As I was sitting, waiting for the beginning of the first plenary lecture at this year's NAPS meeting a couple days ago in Chicago, the title of Christoph Markschies' lecture "God's Body: A Neglected Dimension of Ancient Christian Religion and Theology" reminded me of something that I couldn't put my finger on. I had recently heard about this very topic. Of course, I've read Benjamin Sommer's book The Bodies of God, and I've read Matthew Thiessen's recent article on the wandering rock as Christ's body (1 Cor 10), but recently I had heard about a patristics scholar who was going to be publishing a book on God's body. Who was it? Oh, yes, it was Christoph Markschies, in this MRB interview with T.M. Law. So, in this lecture, we NAPS-ters got a preview of the book that he says will be published next year in German, and perhaps the year after that in English.
In the first part of the lecture he talked about the Hebrew Bible and offered some summary of Sommer's book and Hartenstein's Das Angesicht JHWHs. Then he spoke about pagan philosophy, and emphasized that Plato and his followers were somewhat unique in imagining that God (or the gods) were incorporeal. The Stoics, for example, thought that anything incorporeal was necessarily non-existent, so any true gods must have bodies. (Caveat lector: I'd advise you not to trust completely my hazy remembrance of Markschies' summary of pagan philosophy.)
Then to Christianity. He pointed to the very beginning of book 1 of Origen's On First Principles where he is arguing against Christians who think that God has a body because he is spirit and fire. Apparently Tertullian says quite explicitly that God is corporeal (though I can't remember where). According to Origen, Melito of Sardis wrote a treatise called περὶ τοῦ ἐνσώματον εἶναι τὸν θεόν (see the notes here on pp. 203-4).
Then to Jewish literature, where he discussed mostly Shi'ur Qomah. I had not encountered this text before so it was pretty fun. Can't remember everything he said about it, but there was one bit he read about measuring all of God's body parts (nose, ears, feet, cranium, etc.) by the measurement of a parasang.

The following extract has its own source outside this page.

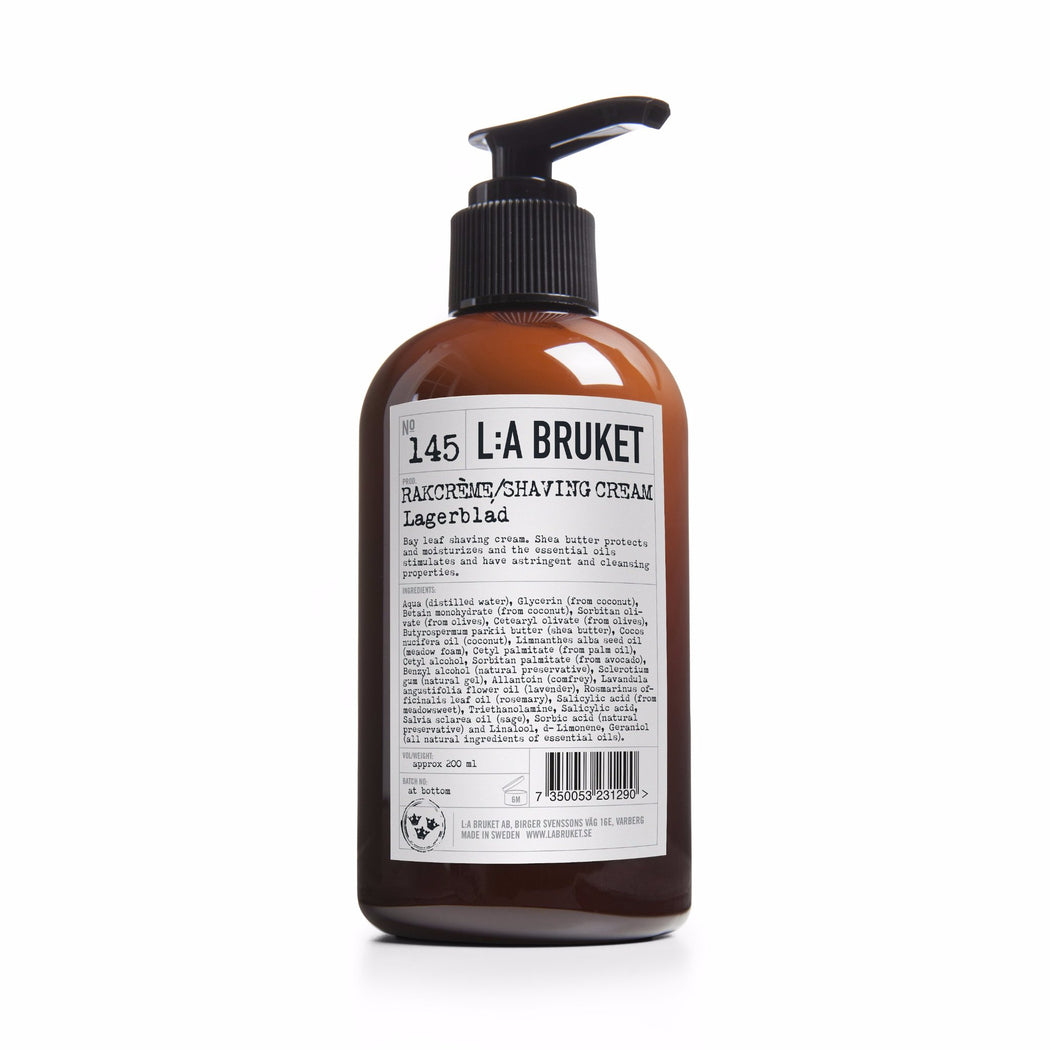 Shaving Cream 200ml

But the literature defines the parasang not as the normal parasang, but says (something like) a parasang = 3 miles, and each mile = 1000 cubits, and each cubit = 2 spans, and each span is measured in accordance with God's span, which is the distance across the universe.
There was a fifth section, but I can't remember what it covered.
It was an excellent presentation. Not just fascinating material, though certainly that, but also Markschies did a great job of presenting it. I look forward to the book.
UPDATE (29 May 2014): For a recent article on the Shiur Qomah by Marvin Sweeney, see here (HT Nathan Daily).